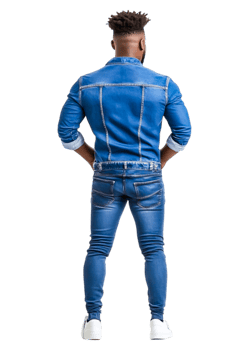 Stylish Young Man in Denim Outfit Posing with Confidence from Behind png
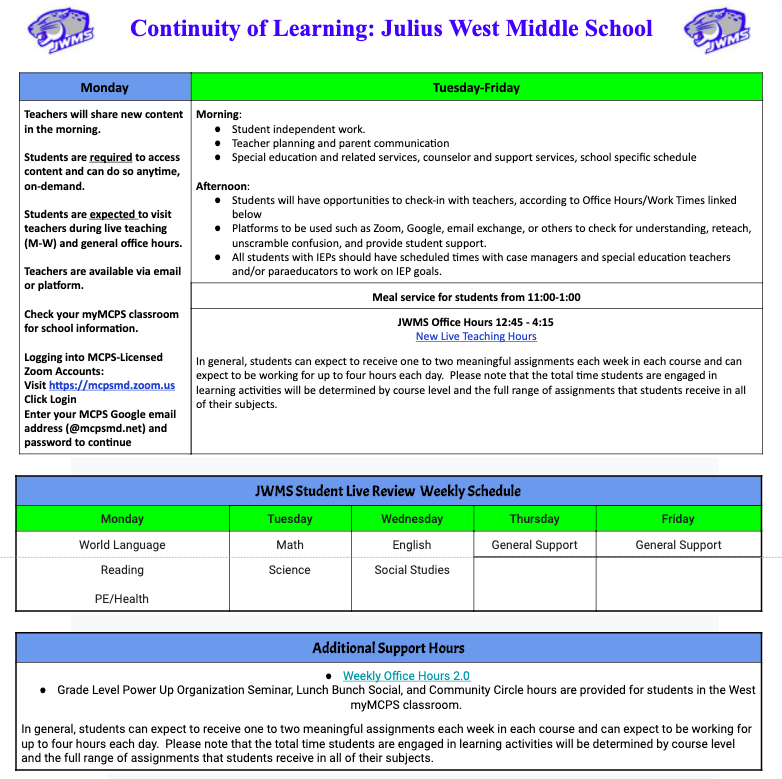 Julius West MS Slideshow for home page Julius West MS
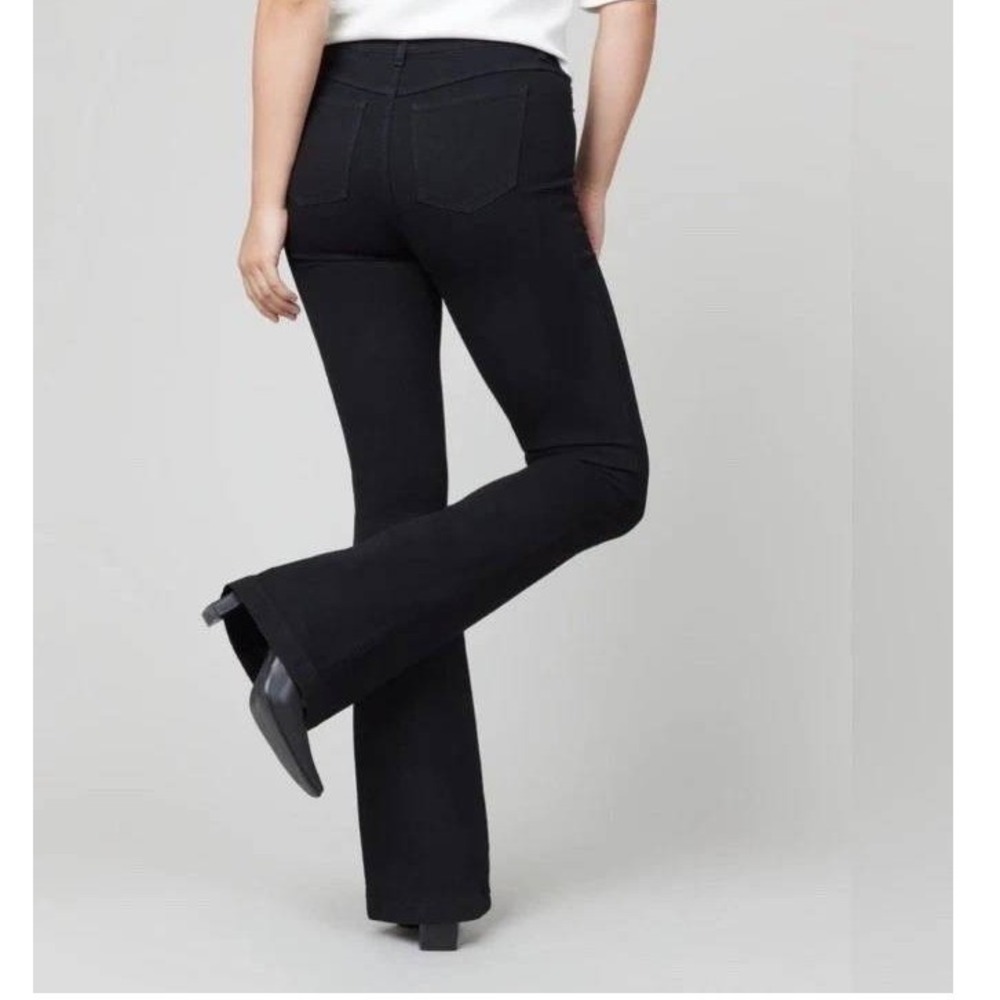 Spanx Flare Jeans Clean Black High Rise Pull On Stretch Denim 20326R Womens L - Picture 2 of 13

------------------------------------

> [WHAT TO WORK ON] I'd like the data above duplicated exactly, with no pictures included.

> [TASK RESULT]
 Stylish Young Man in Denim Outfit Posing with Confidence from Behind png
 Julius West MS Slideshow for home page Julius West MS
 Spanx Flare Jeans Clean Black High Rise Pull On Stretch Denim 20326R Womens L - Picture 2 of 13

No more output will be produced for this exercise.